Thursday, February 18, 2010
Viet junkfood
This recipe is another adapted from one of Duguid and Alford's for a kind of Vietnamese street food handroll that they call, Green-wrapped flavor bundles (in their book Hot Sour Salty Sweet) and which I admit the name of totally made me laugh my head off and think, Wow, they need a better translator. Then we made them and ate them (along with my pride) and all I could think was that they were the most appropriately named little flavor bombs I'd ever had. They're stuffed with intensely flavorful pork, and the crunch of the fresh cabbage wrap blows any and every kind of deep-fried eggroll or springroll wrap I've ever had out of the water (or deep fryer as the case may be), and Toronto has a pretty kick ass Chinatown (actually it has three Chinatowns, but that's besides the point). A caveat, these rolls are addictive and for a week after we made them I'd find myself standing with the fridge door open staring at the tuperware full of pork and trying to resist its pull.
Another side note: we've returned the digital camera we were borrowing from our awesome photographer friend, Jason, and are back to using cheap Kodak ISO 800 film, which we buy at a flee market, as in our first post. You may also notice the drugstore did something funny with our scans, creating unintentional diptychs. Yeah coincidence, we love them anyway.

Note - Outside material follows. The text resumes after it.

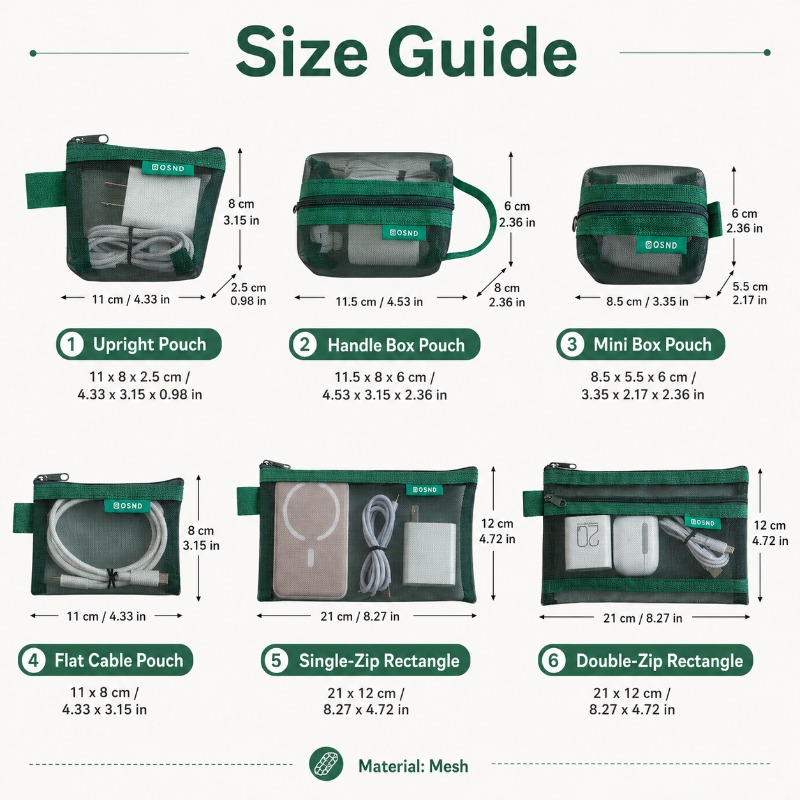 Set di 6 Organizer in Rete, Bo - Office Tech Backpack recensione e prezzo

Recipe: Cabbage wrapped pork handrolls
1 cabbage, deleafed and cut to scoops the size of your palm
Filling:
1/2 lb ground pork
3 tbsp oil
1/2 C shallots, chopped
2 cloves garlic, minced
1 tbsp tamarind dissolved in 1/4C water (or substitute soy sauce in water)
2 tbsp fish sauce
1 tbsp ginger, minced
2 tbsp brown sugar
2 tbsp unsalted roasted peanuts, chopped
1 tsp salt, or a healthy pinch
Garnish:
1 stalk lemongrass, trimmed and minced
2 tbsp ginger, finely grated
1 bunch green onions, finely sliced
1/2 bunch cilantro/coriander, finely chopped
For the pork filling, add oil and heat a wok or large pan to med-high. Saute the shallots and garlic just until they start to brown, then add ground pork and continue to stri-fry until all of the meat is browned. Now, add liquids, brown sugar, salt and ginger and simmer until the sauce thickens, which should take 4 to 6 minutes (turn down the heat if it starts to smoke at any point, you don't want to burn the sugars!).
For the rolls, take your palm sized cabbage leaf in your left hand and spoon in an overflowing tablespoon of the pork filling, then sprinkle with lemongrass, fresh grated ginger, green onion slices and cilantro garnish.
Now shovel them down your gullet. Mmm, they're so amazingly good. They are the word ZING in a bite.